宮下大夢 国際関係論、平和・紛争研究、国際協力論

国際 #安全保障をみるプリズム

はじめに

「人間の安全保障」(human security)という概念が公の場に登場してから四半世紀が経過した。「人間の安全保障」とは、国境を越える多様な脅威から人間一人ひとりの生存、生活、尊厳を確保するための実践に関する規範的な概念の一つである。国際協力や開発援助に関わる人々にはよく知られているが、初めてこの言葉を耳にする人にとっては分かりにくい概念であろう。

しかし、この四半世紀の間に、「人間の安全保障」の理念は国際機関、国家、市民社会・非政府組織(NGO)といったグローバル・ガバナンス(注1)を担う多様なアクター(主体)に受け入れられ、国際協力、開発援助、平和構築、人道支援などの分野で実践されるようになった。学術的にも、「人間の安全保障」に関する研究は、国際関係論、地域研究、開発研究、人類学、社会学、教育学、公衆衛生などの様々な分野で行われてきた(注2)。そして、近年は「持続可能な開発目標」(SDGs: Sustainable Development Goals)が掲げる「誰も取り残されない社会」の実現に向けて、「人間の安全保障」の視点が極めて重要になっている。

「人間の安全保障」の登場から今日に至るまでに、人間の安全に対する脅威は多様化してきた。グローバル化が進み、人、モノ、カネ、情報が国境を越えて移動する相互依存が深まった21世紀の世界では、人間の安全に対する脅威もまた国境を越えて相互に関連し合い、人々に深刻な影響を及ぼしている。具体的には、貧困、紛争、国際テロリズム、感染症、自然災害、環境破壊、経済・金融危機といった数多くの脅威が存在する。

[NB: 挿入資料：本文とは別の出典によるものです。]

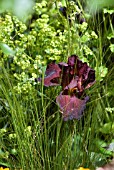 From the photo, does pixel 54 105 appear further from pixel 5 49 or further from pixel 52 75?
pixel 5 49

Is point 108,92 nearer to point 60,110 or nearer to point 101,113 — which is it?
point 101,113

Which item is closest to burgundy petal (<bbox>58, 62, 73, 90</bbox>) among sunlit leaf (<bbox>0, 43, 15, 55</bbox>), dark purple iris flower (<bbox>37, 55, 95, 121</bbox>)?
dark purple iris flower (<bbox>37, 55, 95, 121</bbox>)

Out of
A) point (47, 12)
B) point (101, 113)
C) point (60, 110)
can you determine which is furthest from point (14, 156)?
point (47, 12)

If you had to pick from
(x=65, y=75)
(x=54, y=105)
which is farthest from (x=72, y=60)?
(x=54, y=105)

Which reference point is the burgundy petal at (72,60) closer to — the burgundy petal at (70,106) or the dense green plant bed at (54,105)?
the dense green plant bed at (54,105)

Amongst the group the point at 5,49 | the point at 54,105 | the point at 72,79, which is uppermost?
the point at 5,49

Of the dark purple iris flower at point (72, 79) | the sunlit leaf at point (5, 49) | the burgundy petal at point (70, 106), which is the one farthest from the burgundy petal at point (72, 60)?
the sunlit leaf at point (5, 49)

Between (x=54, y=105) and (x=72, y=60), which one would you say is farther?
(x=54, y=105)

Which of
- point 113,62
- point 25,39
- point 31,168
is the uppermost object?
point 25,39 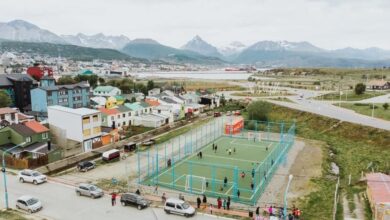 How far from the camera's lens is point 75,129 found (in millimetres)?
41094

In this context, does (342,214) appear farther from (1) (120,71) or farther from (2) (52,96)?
(1) (120,71)

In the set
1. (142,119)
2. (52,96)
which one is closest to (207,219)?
(142,119)

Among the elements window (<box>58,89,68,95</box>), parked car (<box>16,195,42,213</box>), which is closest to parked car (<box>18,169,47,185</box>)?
parked car (<box>16,195,42,213</box>)

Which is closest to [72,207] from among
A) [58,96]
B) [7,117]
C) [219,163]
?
A: [219,163]

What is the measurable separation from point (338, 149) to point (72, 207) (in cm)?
3377

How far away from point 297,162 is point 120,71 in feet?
544

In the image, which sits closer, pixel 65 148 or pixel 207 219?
pixel 207 219

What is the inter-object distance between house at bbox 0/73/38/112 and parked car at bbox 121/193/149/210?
5057 centimetres

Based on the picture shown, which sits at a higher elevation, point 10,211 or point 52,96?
point 52,96

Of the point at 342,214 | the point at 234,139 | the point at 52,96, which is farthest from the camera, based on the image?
the point at 52,96

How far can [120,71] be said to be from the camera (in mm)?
193125

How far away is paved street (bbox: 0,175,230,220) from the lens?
913 inches

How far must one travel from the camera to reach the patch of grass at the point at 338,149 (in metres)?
27.0

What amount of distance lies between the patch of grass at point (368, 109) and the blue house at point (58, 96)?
166 feet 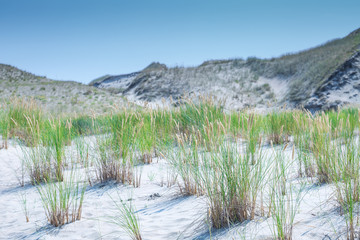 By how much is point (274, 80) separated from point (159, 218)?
22.3 m

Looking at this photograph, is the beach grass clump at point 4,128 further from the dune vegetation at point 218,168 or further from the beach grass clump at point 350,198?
the beach grass clump at point 350,198

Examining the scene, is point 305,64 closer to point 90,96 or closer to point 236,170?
point 90,96

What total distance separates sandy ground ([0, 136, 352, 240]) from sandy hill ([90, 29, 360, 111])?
44.4 feet

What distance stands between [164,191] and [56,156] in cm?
Answer: 170

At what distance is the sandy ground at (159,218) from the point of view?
83.4 inches

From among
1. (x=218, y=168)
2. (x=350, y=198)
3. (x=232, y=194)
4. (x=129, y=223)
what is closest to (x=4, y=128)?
(x=129, y=223)

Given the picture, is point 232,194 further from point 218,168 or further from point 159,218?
point 159,218

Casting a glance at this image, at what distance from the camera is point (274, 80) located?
23.1m

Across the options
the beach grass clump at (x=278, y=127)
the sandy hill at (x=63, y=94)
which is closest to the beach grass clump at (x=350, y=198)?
the beach grass clump at (x=278, y=127)

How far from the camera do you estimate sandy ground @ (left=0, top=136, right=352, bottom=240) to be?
212 centimetres

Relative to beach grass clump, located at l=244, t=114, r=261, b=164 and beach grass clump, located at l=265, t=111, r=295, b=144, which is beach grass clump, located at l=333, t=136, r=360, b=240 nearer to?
beach grass clump, located at l=244, t=114, r=261, b=164

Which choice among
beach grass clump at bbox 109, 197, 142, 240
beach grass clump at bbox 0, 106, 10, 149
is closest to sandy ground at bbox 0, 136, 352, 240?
beach grass clump at bbox 109, 197, 142, 240

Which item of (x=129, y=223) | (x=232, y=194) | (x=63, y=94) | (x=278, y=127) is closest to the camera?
(x=232, y=194)

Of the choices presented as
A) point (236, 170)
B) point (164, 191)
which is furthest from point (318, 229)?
point (164, 191) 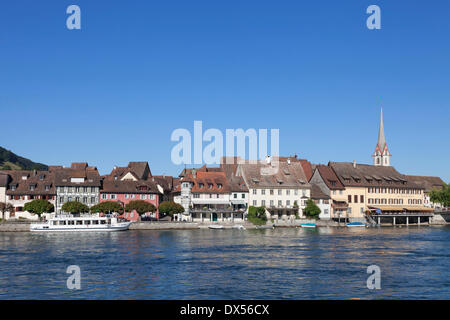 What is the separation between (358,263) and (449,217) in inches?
3769

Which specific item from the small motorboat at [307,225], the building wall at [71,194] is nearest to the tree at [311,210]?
the small motorboat at [307,225]

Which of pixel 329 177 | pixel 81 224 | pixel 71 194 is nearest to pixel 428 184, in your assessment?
pixel 329 177

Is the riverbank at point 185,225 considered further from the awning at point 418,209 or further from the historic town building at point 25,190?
the awning at point 418,209

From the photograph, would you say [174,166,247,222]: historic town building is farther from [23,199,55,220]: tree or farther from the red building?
[23,199,55,220]: tree

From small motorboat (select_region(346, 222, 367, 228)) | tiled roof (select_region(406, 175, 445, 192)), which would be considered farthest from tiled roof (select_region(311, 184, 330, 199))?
tiled roof (select_region(406, 175, 445, 192))

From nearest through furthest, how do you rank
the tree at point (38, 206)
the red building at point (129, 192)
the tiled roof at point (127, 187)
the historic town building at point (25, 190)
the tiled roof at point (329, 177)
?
the tree at point (38, 206) → the historic town building at point (25, 190) → the red building at point (129, 192) → the tiled roof at point (127, 187) → the tiled roof at point (329, 177)

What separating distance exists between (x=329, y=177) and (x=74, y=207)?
54408 mm

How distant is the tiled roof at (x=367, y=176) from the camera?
118562 millimetres

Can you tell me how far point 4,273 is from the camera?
38.2 m

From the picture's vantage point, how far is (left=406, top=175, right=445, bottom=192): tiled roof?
480 ft

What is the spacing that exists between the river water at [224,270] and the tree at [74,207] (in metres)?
34.7

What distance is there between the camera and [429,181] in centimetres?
14975

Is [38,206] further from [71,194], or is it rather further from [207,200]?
[207,200] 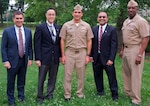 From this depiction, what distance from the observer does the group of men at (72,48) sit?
6066 millimetres

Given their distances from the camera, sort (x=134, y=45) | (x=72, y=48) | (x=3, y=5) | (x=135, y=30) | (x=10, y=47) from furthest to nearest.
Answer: (x=3, y=5)
(x=72, y=48)
(x=134, y=45)
(x=135, y=30)
(x=10, y=47)

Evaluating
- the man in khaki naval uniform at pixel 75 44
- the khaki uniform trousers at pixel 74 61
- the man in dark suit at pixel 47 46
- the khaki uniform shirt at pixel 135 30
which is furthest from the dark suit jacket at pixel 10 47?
the khaki uniform shirt at pixel 135 30

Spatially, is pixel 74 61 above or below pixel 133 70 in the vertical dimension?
above

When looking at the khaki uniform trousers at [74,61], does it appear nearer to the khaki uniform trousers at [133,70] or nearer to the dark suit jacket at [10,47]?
the khaki uniform trousers at [133,70]

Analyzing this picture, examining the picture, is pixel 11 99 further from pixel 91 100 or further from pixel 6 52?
pixel 91 100

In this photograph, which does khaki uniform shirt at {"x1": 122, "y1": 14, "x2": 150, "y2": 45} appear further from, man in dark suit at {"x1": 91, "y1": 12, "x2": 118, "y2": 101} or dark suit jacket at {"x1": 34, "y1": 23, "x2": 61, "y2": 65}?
dark suit jacket at {"x1": 34, "y1": 23, "x2": 61, "y2": 65}

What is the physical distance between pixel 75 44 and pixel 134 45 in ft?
4.19

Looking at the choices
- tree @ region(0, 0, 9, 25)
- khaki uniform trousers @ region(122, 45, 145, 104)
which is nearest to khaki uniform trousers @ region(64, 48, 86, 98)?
khaki uniform trousers @ region(122, 45, 145, 104)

例えば、開発途上国の貧困率は減少してきたが、現在も世界の約10人に一人は1日1.90ドル以下で暮らす絶対的貧困層である。また、日本をはじめとする先進国では国内の格差が拡大し、相対的貧困層が増加している。さらに、世界の難民・国内避難民の数は第二次世界大戦以降最多を更新し続けており、2019年末時点で約8,000万人となった。そして、近年は世界各地で気候変動に起因する自然災害も急増している。加えて、国境を越えて急速に感染が拡大する感染症の脅威が認識されるようになった。現在進行中の新型コロナウイルス(COVID-19)の世界的流行は、単なる「健康の危機」ではなく「人間の危機」と呼ばれる危機的な状況を生み出している(注3)。その影響で数百万人が貧困に逆戻りしつつあり、これまでのSDGsの取り組みの大幅な後退が懸念されている。

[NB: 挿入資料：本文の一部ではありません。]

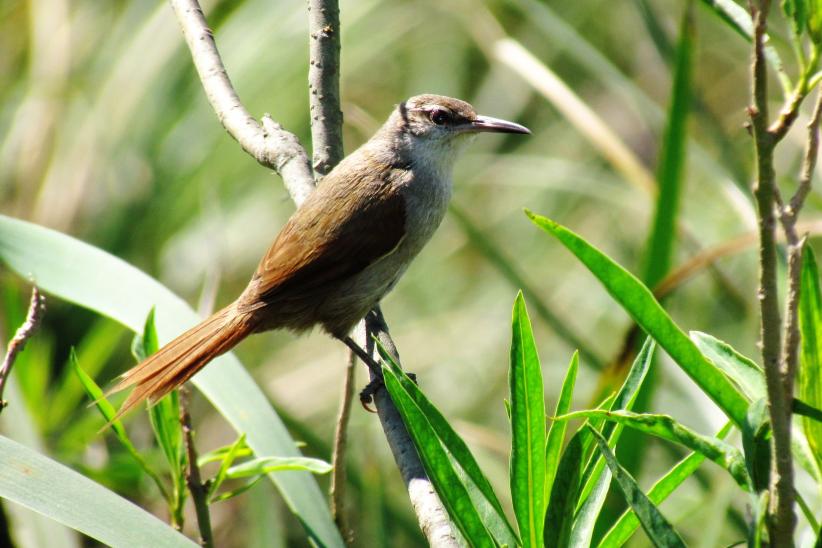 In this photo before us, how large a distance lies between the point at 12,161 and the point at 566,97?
290cm

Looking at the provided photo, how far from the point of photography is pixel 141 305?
2275 millimetres

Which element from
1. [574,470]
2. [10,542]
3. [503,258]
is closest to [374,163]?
[503,258]

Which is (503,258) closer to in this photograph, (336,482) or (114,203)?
(336,482)

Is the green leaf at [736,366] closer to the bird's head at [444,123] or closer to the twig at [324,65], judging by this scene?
the twig at [324,65]

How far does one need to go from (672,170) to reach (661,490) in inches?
51.2

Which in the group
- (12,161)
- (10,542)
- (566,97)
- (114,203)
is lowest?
(10,542)

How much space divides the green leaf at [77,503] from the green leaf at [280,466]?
339mm

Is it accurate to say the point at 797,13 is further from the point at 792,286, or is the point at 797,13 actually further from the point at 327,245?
the point at 327,245

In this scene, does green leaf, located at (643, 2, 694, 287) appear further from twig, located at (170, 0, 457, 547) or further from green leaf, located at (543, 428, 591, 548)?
green leaf, located at (543, 428, 591, 548)

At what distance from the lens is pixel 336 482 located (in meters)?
2.18

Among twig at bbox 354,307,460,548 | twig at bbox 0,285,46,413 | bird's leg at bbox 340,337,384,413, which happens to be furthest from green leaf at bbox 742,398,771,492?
bird's leg at bbox 340,337,384,413

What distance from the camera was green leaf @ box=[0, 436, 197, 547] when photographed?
1526mm

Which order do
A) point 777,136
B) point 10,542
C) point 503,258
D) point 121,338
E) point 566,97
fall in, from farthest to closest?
point 121,338
point 566,97
point 503,258
point 10,542
point 777,136

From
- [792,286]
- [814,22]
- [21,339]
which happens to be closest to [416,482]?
[21,339]
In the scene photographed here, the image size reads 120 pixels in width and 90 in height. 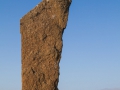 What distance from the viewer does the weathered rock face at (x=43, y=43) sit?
9859 mm

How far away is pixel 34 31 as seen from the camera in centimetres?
1011

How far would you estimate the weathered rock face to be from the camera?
9.86m

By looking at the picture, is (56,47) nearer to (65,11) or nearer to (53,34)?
(53,34)

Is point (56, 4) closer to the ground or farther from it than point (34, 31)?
farther from it

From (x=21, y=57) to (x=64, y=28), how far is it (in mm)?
1915

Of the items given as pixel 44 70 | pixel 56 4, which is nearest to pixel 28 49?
pixel 44 70

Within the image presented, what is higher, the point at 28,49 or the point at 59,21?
the point at 59,21

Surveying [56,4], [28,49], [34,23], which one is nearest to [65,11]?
[56,4]

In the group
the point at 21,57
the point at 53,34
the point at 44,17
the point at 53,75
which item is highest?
the point at 44,17

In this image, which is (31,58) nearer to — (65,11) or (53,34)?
(53,34)

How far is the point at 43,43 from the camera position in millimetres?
10031

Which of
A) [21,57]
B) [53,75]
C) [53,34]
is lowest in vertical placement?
[53,75]

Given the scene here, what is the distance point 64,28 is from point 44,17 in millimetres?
850

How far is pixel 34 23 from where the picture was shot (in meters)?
10.2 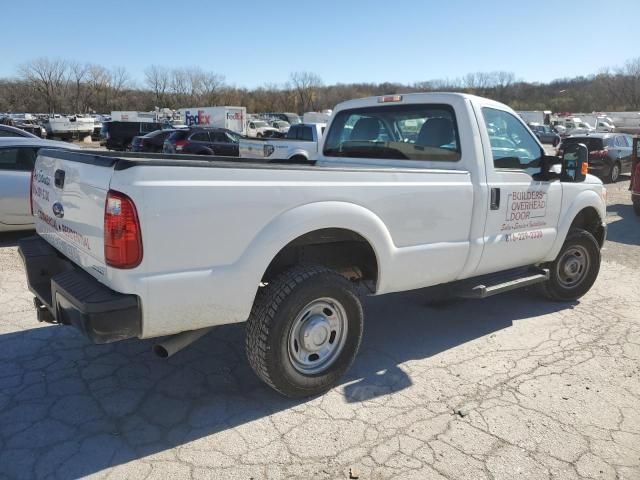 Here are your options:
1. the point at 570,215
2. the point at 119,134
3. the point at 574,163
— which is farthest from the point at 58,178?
the point at 119,134

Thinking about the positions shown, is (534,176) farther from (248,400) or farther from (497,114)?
(248,400)

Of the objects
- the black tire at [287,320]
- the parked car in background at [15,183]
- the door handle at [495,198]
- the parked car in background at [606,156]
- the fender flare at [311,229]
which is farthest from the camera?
the parked car in background at [606,156]

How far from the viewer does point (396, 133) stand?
181 inches

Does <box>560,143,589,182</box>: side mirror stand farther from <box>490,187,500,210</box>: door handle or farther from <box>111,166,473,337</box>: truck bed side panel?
<box>111,166,473,337</box>: truck bed side panel

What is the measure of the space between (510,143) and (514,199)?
1.73ft

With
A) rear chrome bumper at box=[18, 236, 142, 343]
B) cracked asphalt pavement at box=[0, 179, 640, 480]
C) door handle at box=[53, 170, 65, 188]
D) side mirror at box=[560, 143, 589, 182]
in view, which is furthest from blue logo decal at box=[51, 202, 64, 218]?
side mirror at box=[560, 143, 589, 182]

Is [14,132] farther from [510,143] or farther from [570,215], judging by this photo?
[570,215]

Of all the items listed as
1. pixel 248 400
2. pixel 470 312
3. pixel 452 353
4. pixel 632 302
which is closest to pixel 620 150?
pixel 632 302

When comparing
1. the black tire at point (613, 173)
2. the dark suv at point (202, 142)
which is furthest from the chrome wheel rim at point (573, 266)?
the dark suv at point (202, 142)

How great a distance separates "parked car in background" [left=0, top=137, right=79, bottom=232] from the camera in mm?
7094

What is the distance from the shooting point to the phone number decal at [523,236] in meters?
4.29

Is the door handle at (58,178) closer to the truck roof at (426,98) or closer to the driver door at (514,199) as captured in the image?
the truck roof at (426,98)

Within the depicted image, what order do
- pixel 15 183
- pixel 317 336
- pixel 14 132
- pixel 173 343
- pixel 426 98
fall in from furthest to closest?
pixel 14 132, pixel 15 183, pixel 426 98, pixel 317 336, pixel 173 343

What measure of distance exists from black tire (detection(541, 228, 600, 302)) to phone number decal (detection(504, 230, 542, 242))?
733 millimetres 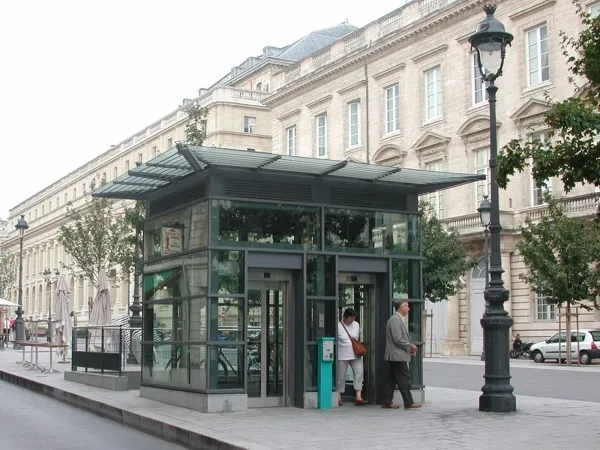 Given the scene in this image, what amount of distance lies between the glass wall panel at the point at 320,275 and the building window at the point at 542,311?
2669 centimetres

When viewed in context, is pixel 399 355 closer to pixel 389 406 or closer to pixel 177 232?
pixel 389 406

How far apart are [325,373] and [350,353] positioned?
64cm

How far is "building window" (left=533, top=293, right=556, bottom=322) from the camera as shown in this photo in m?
39.2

本稿では「人間の安全保障」の四半世紀を振り返り、同概念がどのように国際規範の一つとして発展してきたかを整理しながら、その定義や意義を説明する。その上で、21世紀の世界に存在するグローバルな脅威に立ち向かい、SDGsが掲げる「誰も取り残されない社会」を実現する上で、なぜ「人間の安全保障」の視点が必要であるかを論じる。筆者はNPO法人「人間の安全保障」フォーラム(HSF: Human Security Forum)の事務局長として、高須幸雄理事長(国連事務総長特別顧問・人間の安全保障担当)をはじめとする数多くの関係者と共に「人間の安全保障」の推進事業に取り組んできた。本稿は「人間の安全保障」フォーラムの活動を紹介しながら、「人間の安全保障」に関する包括的な議論を行うものである。

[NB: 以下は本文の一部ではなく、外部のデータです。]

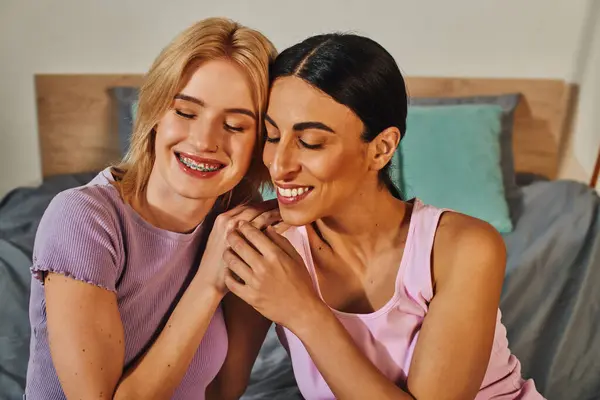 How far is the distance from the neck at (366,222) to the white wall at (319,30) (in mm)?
1801

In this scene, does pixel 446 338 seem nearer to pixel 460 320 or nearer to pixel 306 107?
pixel 460 320

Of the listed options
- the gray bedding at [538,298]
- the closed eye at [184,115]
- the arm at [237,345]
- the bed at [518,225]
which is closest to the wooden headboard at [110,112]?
the bed at [518,225]

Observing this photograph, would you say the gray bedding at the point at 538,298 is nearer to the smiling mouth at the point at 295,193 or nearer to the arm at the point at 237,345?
the arm at the point at 237,345

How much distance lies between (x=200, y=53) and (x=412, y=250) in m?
0.50

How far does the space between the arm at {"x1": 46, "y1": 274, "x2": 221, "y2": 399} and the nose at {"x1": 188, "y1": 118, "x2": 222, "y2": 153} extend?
281 millimetres

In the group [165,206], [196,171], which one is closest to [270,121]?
[196,171]

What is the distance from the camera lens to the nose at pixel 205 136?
109 centimetres

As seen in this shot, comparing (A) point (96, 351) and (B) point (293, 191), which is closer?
(A) point (96, 351)

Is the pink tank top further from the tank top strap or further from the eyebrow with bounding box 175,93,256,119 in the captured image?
the eyebrow with bounding box 175,93,256,119

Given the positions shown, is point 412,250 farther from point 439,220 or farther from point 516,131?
point 516,131

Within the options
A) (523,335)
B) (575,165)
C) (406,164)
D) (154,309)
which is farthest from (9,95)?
(575,165)

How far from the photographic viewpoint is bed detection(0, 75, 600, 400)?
1787 mm

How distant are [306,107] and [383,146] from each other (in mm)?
170

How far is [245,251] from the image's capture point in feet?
3.50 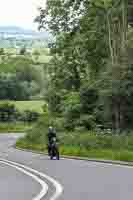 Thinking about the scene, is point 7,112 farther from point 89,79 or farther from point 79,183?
point 79,183

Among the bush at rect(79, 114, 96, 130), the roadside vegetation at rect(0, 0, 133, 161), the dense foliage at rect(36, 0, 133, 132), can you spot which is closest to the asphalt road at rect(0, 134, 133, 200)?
the roadside vegetation at rect(0, 0, 133, 161)

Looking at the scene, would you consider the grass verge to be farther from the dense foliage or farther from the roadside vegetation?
the dense foliage

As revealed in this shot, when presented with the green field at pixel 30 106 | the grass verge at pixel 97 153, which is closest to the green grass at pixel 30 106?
the green field at pixel 30 106

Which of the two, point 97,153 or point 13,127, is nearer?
point 97,153

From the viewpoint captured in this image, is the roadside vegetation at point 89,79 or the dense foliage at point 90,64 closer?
the roadside vegetation at point 89,79

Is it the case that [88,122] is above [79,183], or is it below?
below

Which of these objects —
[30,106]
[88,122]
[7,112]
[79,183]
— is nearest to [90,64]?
[88,122]

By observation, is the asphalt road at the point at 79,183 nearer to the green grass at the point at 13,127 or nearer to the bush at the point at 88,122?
the bush at the point at 88,122

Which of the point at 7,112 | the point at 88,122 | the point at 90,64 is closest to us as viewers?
the point at 88,122

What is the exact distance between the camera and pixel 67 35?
2419 inches

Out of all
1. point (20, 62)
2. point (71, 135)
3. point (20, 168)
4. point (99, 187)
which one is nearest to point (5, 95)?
point (20, 62)

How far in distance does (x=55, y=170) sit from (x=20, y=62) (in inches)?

「国家の安全保障」から「人間の安全保障」へのパラダイムシフト(革命的転換)

「人間の安全保障」の起源については諸説あるが、1994年に国連開発計画(UNDP)が発行した『人間開発報告書』で初めて公に取り上げられた(注4)。同報告書によれば、安全保障(security)という概念は、「他国の攻撃からの国家の安全保障」、「外交政策における国益の確保」あるいは「核戦争の脅威からの国際安全保障」のように、人間一人ひとりではなく、国家に関わるものとして長期に渡り狭義に解釈されてきた。

現実の国際政治の舞台では、「国家の安全保障(national security)」こそが最重要の高次元の問題(ハイポリティクス)であり、経済や福祉に関する問題は優先順位の低い低次元の問題(ローポリティクス)であるという認識が長らく支配的だった。第二次世界大戦で展開された凄惨な総力戦を踏まえれば、そうした戦争の脅威と隣合わせにあった冷戦期には、国家の生存の確保が至上命題となったのは必然の結果だったのかもしれない。

しかし、冷戦戦終結後に公表された同報告書では、「安全保障」について従来の常識を覆す、革命的ともいえる新しい見解が示された。すなわち、冷戦期に米ソによる際限のない開発競争が行われた核兵器を筆頭とした、軍事力によって達成される国家の安全保障ではなく、むしろ開発によって人間一人ひとりの安全を保障することの重要性を論じたのである。同報告書執筆チームのリーダーであったマブーブル・ハクは、安全保障を人間一人ひとりの安全に関わる問題として再提示し、軍事力ではなくて開発によって、それが達成されることを強調したのである。これは「国家の安全保障」から「人間の安全保障」へと、安全保障概念のパラダイムシフトを志向した新たな試みであった。

実際、国際政治において最も影響力を持つ大国ではなく、それまで大きな注目を集めてこなかった開発途上国に目を向けると、日常生活を送る一般の人々は、疾病、飢餓、貧困、犯罪、紛争、政治的抑圧、環境破壊といった脅威に晒されている。それゆえ、安全保障の概念は「非包括的な国家の安全保障から人々の安全保障を重視し」、「軍事力による安全保障から持続的な人間開発による安全保障へ」と直ちに変化しなければならない、と論じたのである。そして、「人間の安全保障」の構成要素として、経済、食料、健康、環境、身体、共同体、政治的自由の七つを挙げ、基本原則として普遍性、相互依存、早期予防、人間中心(people-centered)の四つを提示した。

「人間の安全保障」規範の発展と確立

新しく登場した「人間の安全保障」概念の反響は極めて大きく、国連を中心的な舞台に、これに関する様々な議論が展開し、規範の普及活動や編集作業が行われるようになった。とりわけ、1990年代後半から「人間の安全保障」の積極的な普及活動を行った国の一つが日本である。当時の小渕恵三首相はアジアの21世紀を「人間の尊厳に立脚した平和と繁栄の世紀」にするために、「人間の安全保障」を重視することが必要であると考えていた(注5)。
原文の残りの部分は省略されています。